Will Rancher at some point give use some documentation about it? Or maybe a meetup / live demo on how to debug and use this info? It is very cryptic now.
below an example of our Processes…
we have lot of TIMEOUT and RESOURCE_BUSY
any documentation to understand these would be helpful…we have huge issues with rancher stability recently and are not able to upgrade stacks via rancher, they are stuck in a state or the other…we are almost giving up on rancher…unless we find out what is causing these timeouts and resource_busy issues.
We found out that all the TIMEOUT and RESOURCE_BUSY are mainly caused by overloaded Rancher server. The VM where rancher is running has 8 vcpu, but the average load was at 20 up to 40…so we will try with a multinode setup to offload rancher. We have several hundreds containers and around 80 hosts managed by rancher.

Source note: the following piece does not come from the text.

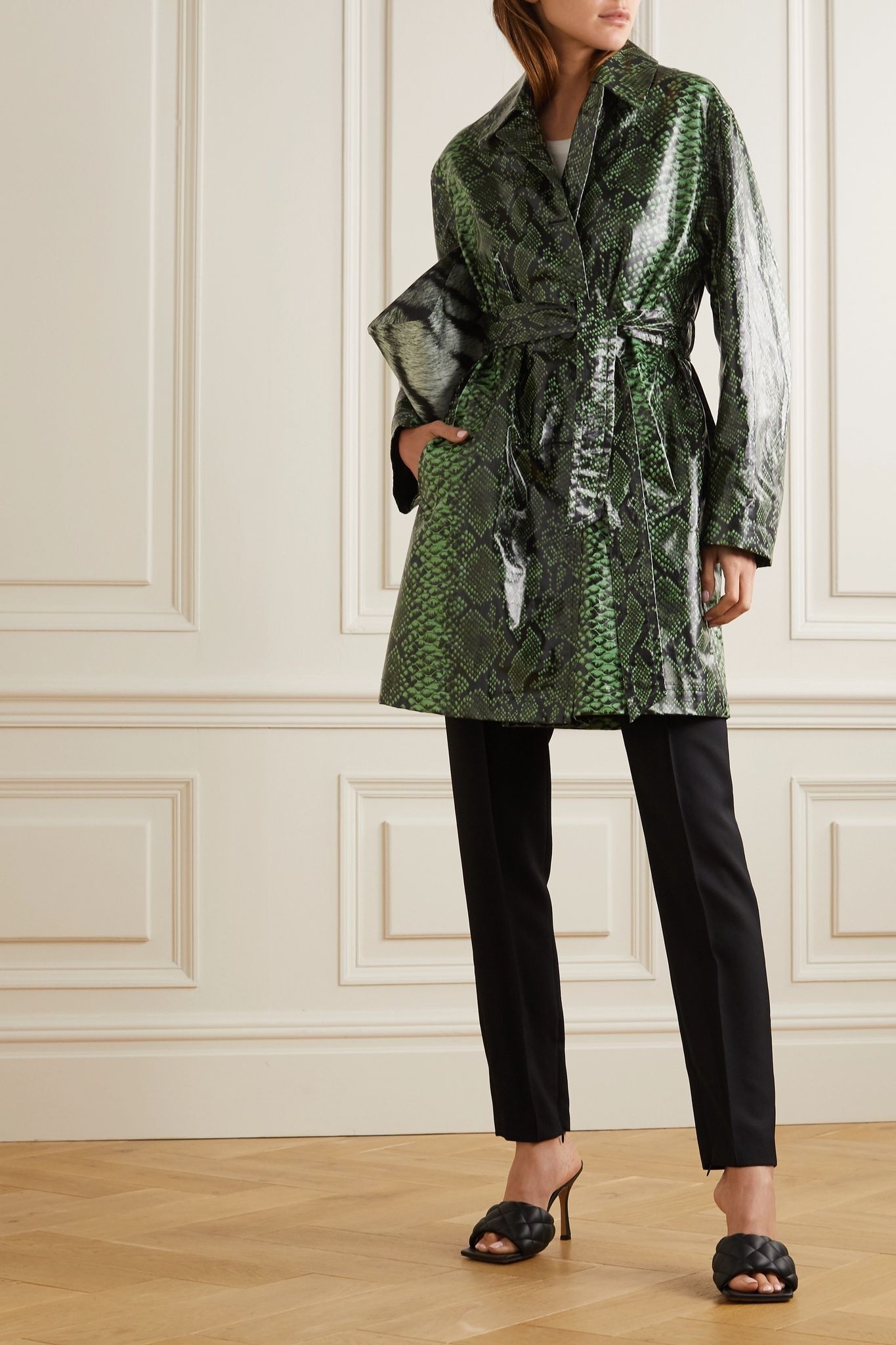 Snake-print coated cotton-blend trench coat - 2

@demarant do you have rancher agents in reconnecting state? Thats usually a cause of thread exhaustion on the rancher servers resulting in sluggishness.
yes we did have lot of agen.reconnect TIMEOUTS. We moved the mysql to another server and we gave rancher java more memory (8GB) and we still see lot of processes stuck…see the picture below. I think it is related to the issue Agent.reconnect process stuck forever for the agents not linked to any host · Issue #5349 · rancher/rancher · GitHub
restarting server helps only temporarily, the stuck processes comes back or new ones
I am trying to figure out how to get rid of all those stuck processes…any tips?

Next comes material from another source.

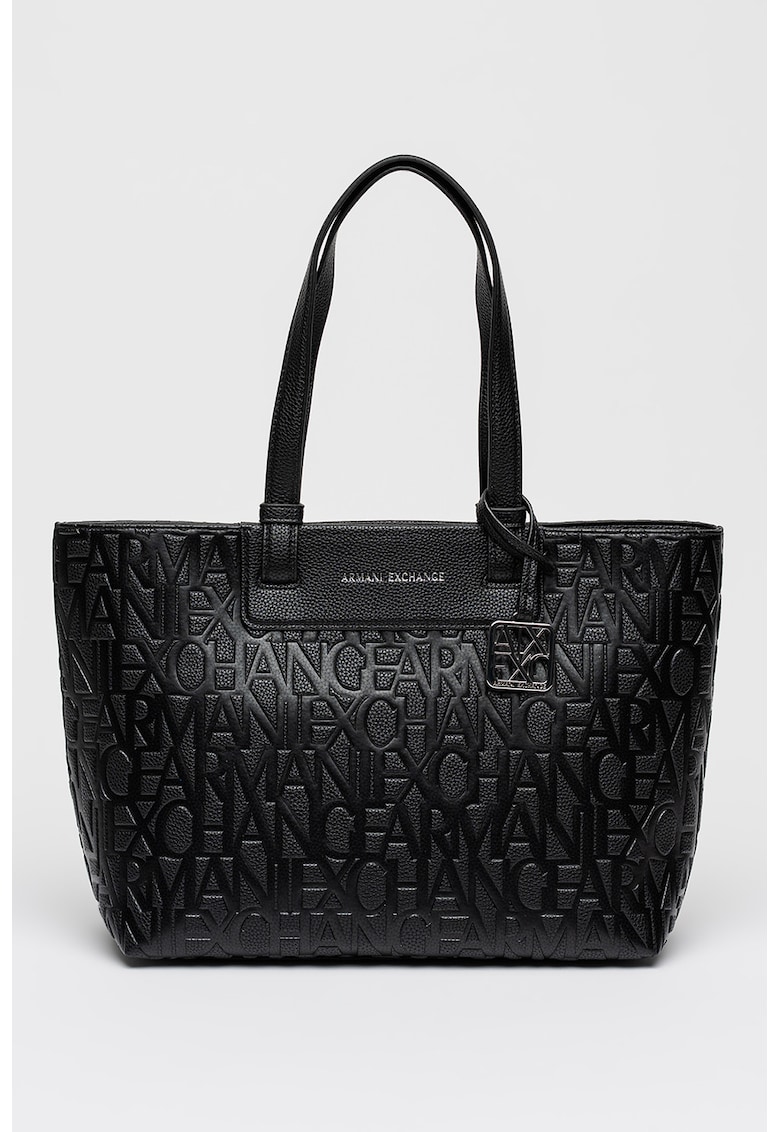 Geanta shopper de piele ecologica uc logo stantat - Negru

@demarant did you get to see if introducing a HA setup helped the problem? I am going through the same issues as you. Also have you tried upgrading to 1.2 to see if that helped your problems?
Hi, at the end what helped most was to give rancher mysql much more ram. In our setup (80 hosts, several hundreds containers) we had to give 32GB RAM and 16 cores. Moving to rancher 1.2 also helped a bit…but new issues came up…we even had to move some stacks back to rancher 1.1.4. The entire Rancher technology and docker as such is moving so fast that it is very complex and frustrating to keep up with it…in any case overall it is OK as we win speed on consistent deployments.
@demarant was your Rancher server actually resource constrained? I was running an 8GB server with 2 cores. It was not using up all of its resources but I increased it to 16GB and 4 cores and did not notice any significant difference other than the UI being slightly more snappy. So I am guessing my issues are not necessarily related to yours. Yes the instability is very frustrating. I was never able to get anything running on Rancher 1.2 even starting with a brand new setup which is making us look at other orchestration solutions for our future.